Exercise: All of the data must be output exactly, with every picture left out.

--- Exercise data Enclosed Below ---

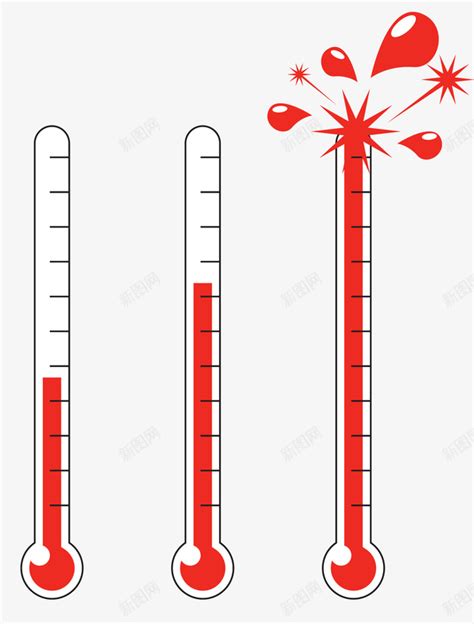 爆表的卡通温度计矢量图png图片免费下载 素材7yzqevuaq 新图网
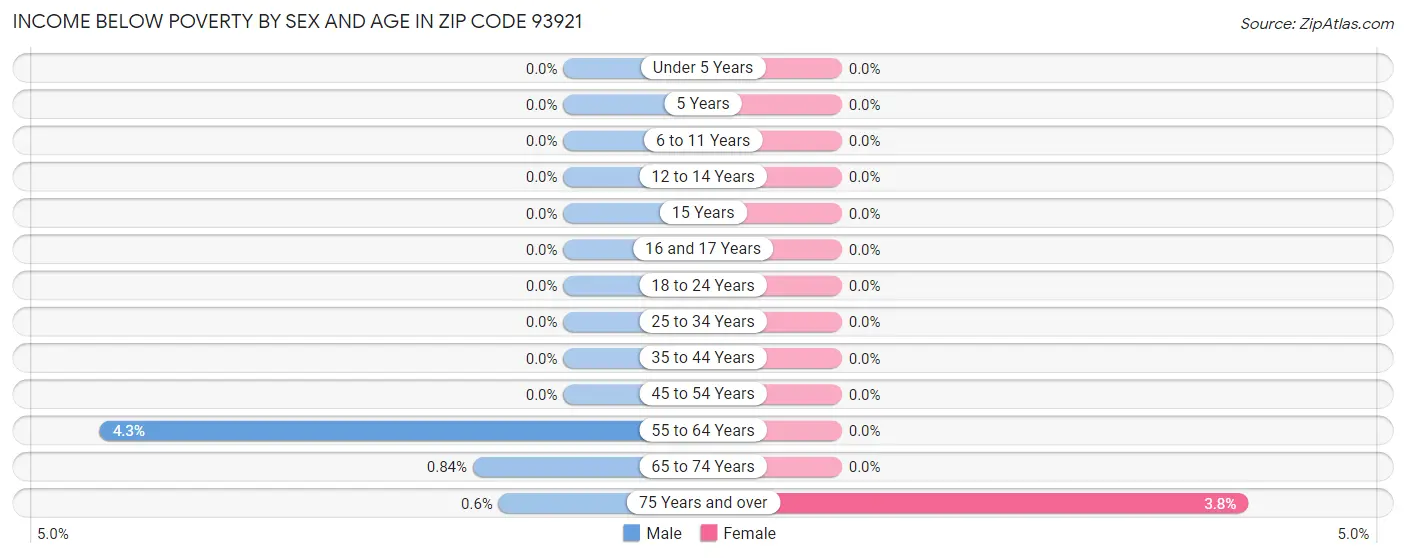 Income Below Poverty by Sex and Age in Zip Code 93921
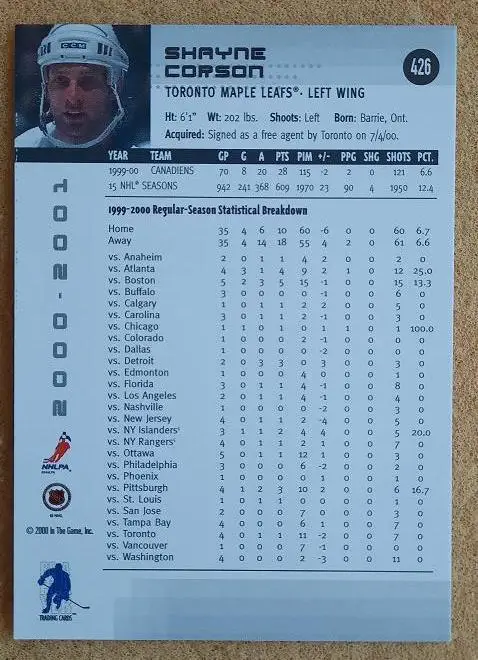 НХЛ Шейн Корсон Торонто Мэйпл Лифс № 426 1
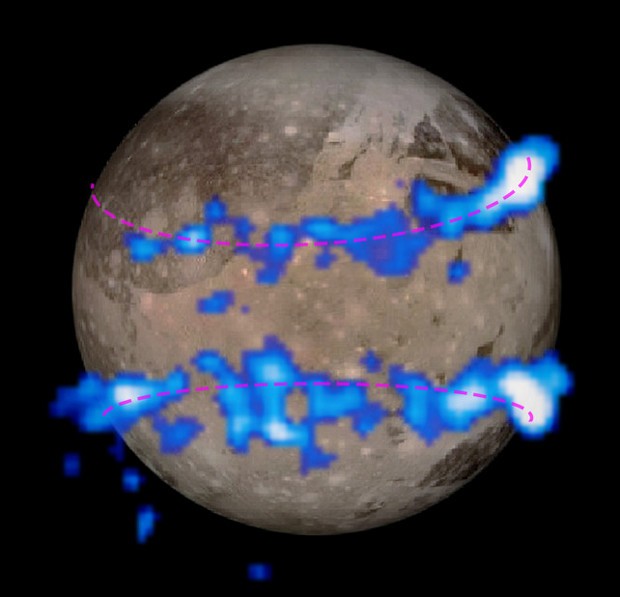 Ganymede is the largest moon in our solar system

--- End of Enclosed Exercise data ---

Exercise output:
 爆表的卡通温度计矢量图png图片免费下载 素材7yzqevuaq 新图网
 Income Below Poverty by Sex and Age in Zip Code 93921
 НХЛ Шейн Корсон Торонто Мэйпл Лифс № 426 1
 Ganymede is the largest moon in our solar system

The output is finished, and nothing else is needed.